Updated: Nov 20, 2019
Designed by Rolf Sagel and André Spil and published by Capstone Games, this is a recent second edition of a game that was first published in 2013. The new edition is distributed in the UK by Asmodee (formerly Esdevium) and it incorporates some new and improved components as well as refinements to the rules.
As the name suggests, Wildcatters is a game about the oil industry. Players represent global oil conglomerates that are exploring for oil, refining it and delivering it to market. During the course of the game players have to develop their own infrastructure – building drilling rigs, pump jacks (no – we’d never heard this term before either), refineries, oil tankers and railway links, so this is a game predicated on what economists refer to as vertical integration. Although Wildcatters is not a worker placement game, workers are used as a key resource, as are the shares that players own in their own and each other’s oil companies.

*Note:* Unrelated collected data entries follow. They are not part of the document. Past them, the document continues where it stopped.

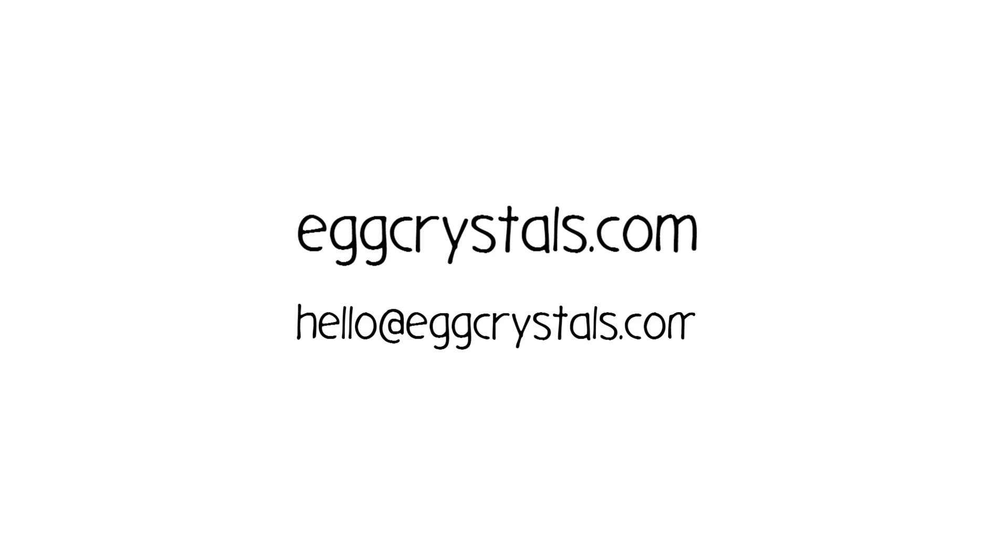So I encourage you all to go to eggcrystals.com, we got a lot of information on there, check out what we've got. Or if you guys have any questions, just send us an email at hello@eggcrystals.com. Thank you.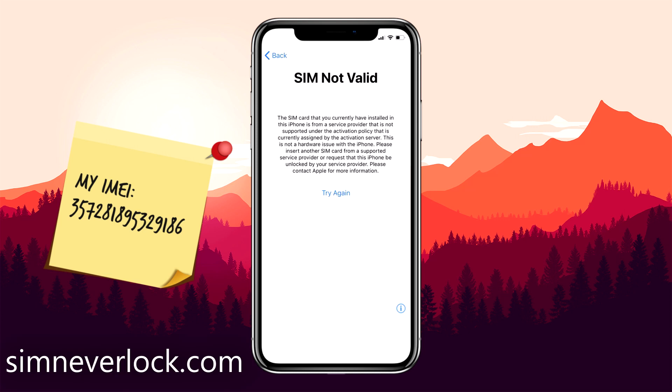If you want to learn how to solve this problem, you should continue watching. I'm Jess from SimNeverlock and in this video, I'm going to show you how to unlock an iPhone when you have the SIM not valid or SIM not supported problem.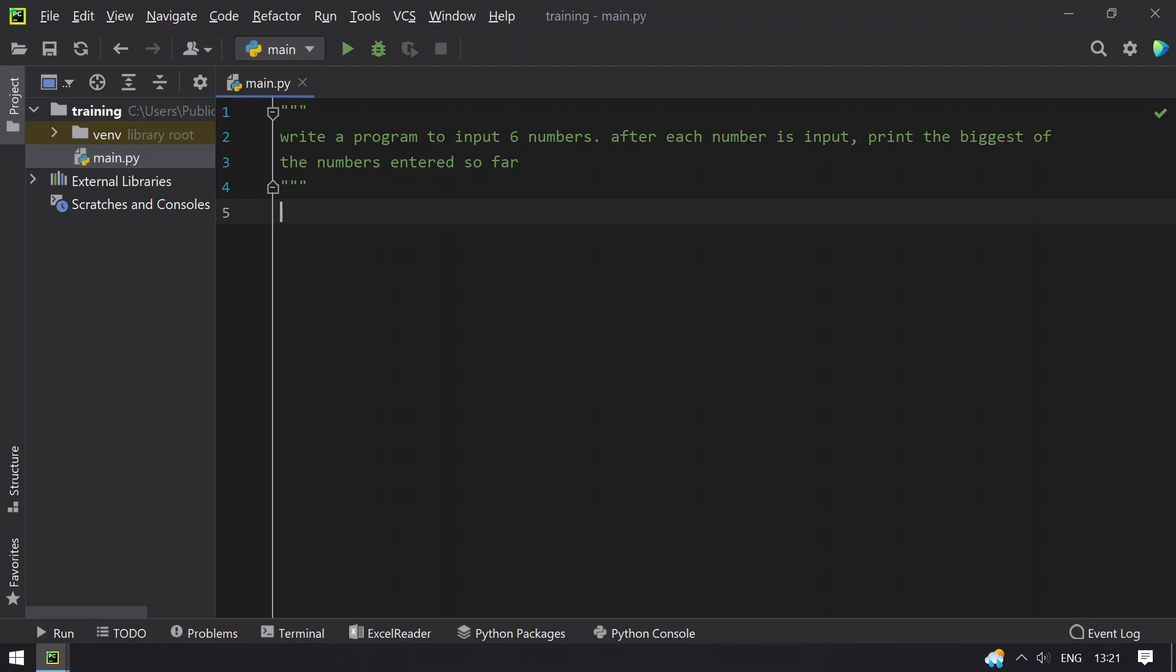Hello guys, welcome to tech blog. In this video you will learn how to write a program to input 6 numbers one by one and after each number is input, print the biggest of the numbers entered so far.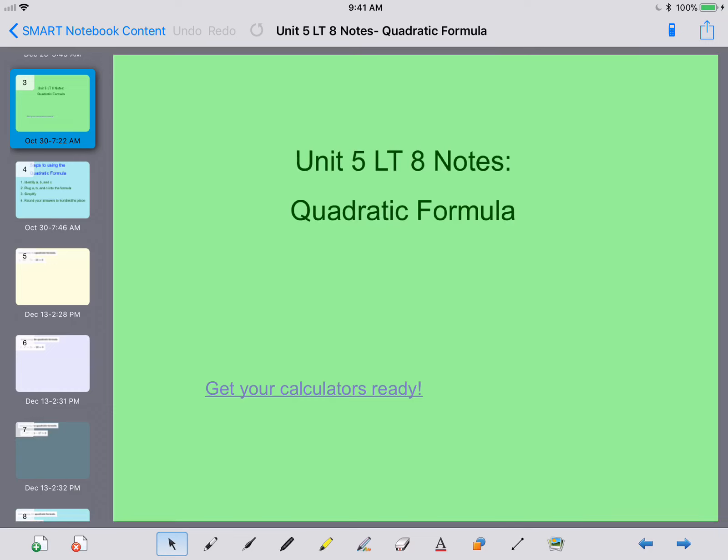Hey ladies and gentlemen, this is Mrs. Beckman here and today we're going to be going over unit 5 learning target 8 notes. We're going to basically be combining what we did on the previous note sheet on both of those parts and we're going to be doing it all in one step on one problem today.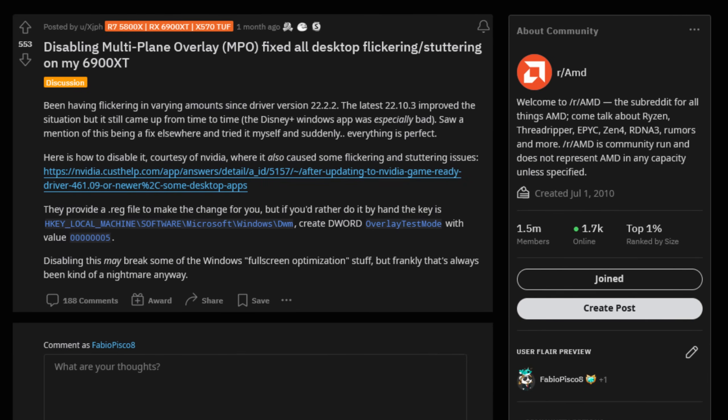They're not alone — I searched around the internet and found several posts. For example, this Reddit post: 'Disabling multi-plane overlay MPO fixed all desktop flickering and stuttering on my 6900 XT. I'd been having flickering in varying amounts since driver version 282.2.2. The latest 282.10.3 improved the situation but it still came up from time to time. The Disney Plus Windows app was especially bad.' This was happening across all cards because it is a Windows issue, not strictly AMD or Nvidia.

Wildcatters plays with 2 to 4 players and a game is run over 7 or 8 rounds, depending on the number of players. It is a fairly heavy euro game because players need to put together a lot of different pieces to get a productive ‘engine’. That inevitably means there is a lot going on, but the clear rules and player aids make the whole thing manageable. Many of the actions available to players are expensive, in terms of the workers that need to be used, and an interesting mechanic in this game is the option for players to piggyback on each other’s actions (taking the same action for a reduced cost). This can lead to a degree of brinkmanship with players deliberately foregoing a desirable action in the hope that they can benefit from a rival paying to take that action. Players can also use each other’s infrastructure at the cost of paying the opponent with shares of the borrower’s company.
Because there are so many stages to go through, it can be difficult for players to see exactly how their actions are going to translate to end-game victory points, especially the first time they play. Despite this, Wildcatters is an engrossing game where players quickly get wrapped up in the theme. With players piggybacking actions, using each other’s infrastructure and competing in auctions, Wildcatters is a game with a high degree of player interaction but, unusually for such games, this isn’t, in the main, a ‘take that’ game where players are directly wrecking each other's points engines. The principal exception is that players may deliberately try to get opponents to run down their share capital in order to force them to take loans from the bank. These cost nearly double to repay and heavily penalise players if they remain unpaid at the end of the game…
Don’t be put off by the drab and seemingly irrelevantly illustrated box. Open it up and you’ll find inside that Wildcatters is beautifully produced with attractive wooden components and a visually appealing world map playing board. It feels slightly odd that the game uses a mix of cards and tokens to represent the workers and shares – we were puzzled why they didn’t just supply cards rather than the coin-like tokens to represent '5 workers' and '4 shares'. Another small gripe was that the tiny wooden oil barrels are fiddly and, being barrel shaped (or rather cylindrical) , they do have an annoying tendency to roll about. It’s also unfortunate that the green and blue player colours can be hard to distinguish in certain lighting. These are all small gripes, however, for what is a very strong game that rewards the time it takes to learn and the two hours or so that it takes to play.